PROBLEM DETAILS:
Drop the images; return everything else in the listing below exactly.

INFORMATION PROVIDED:

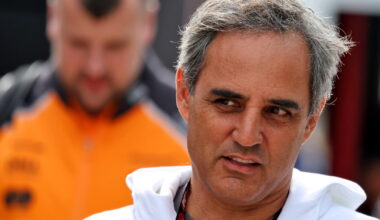 Juan Pablo Montoya unimpressed by Max Verstappen save: 'You think that's talent?'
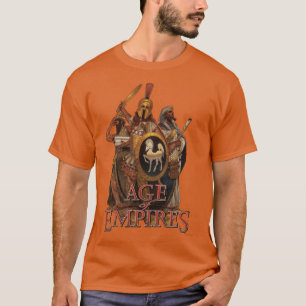 Camiseta Juego retro de Age of Empires I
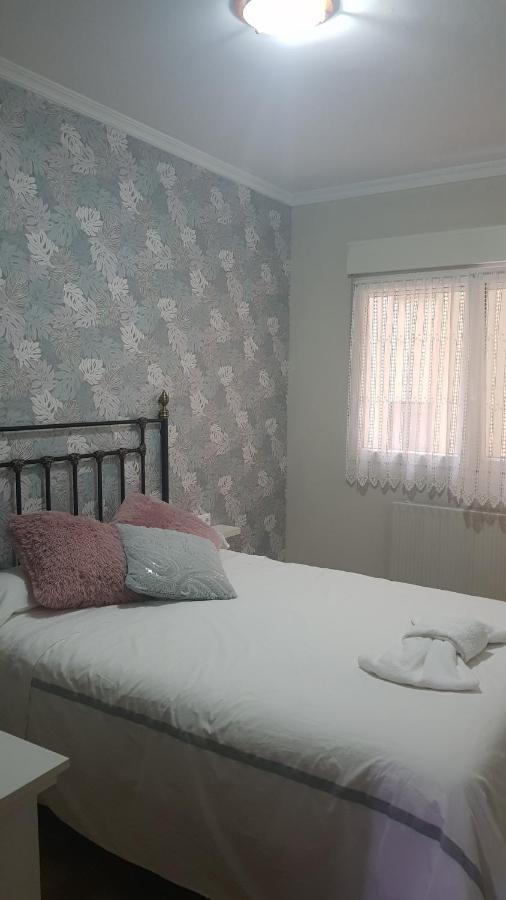 Apartamentos Paz Ribadeo Eksteriør bilde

PROBLEM SOLUTION:
 Juan Pablo Montoya unimpressed by Max Verstappen save: 'You think that's talent?'
 Camiseta Juego retro de Age of Empires I
 Apartamentos Paz Ribadeo Eksteriør bilde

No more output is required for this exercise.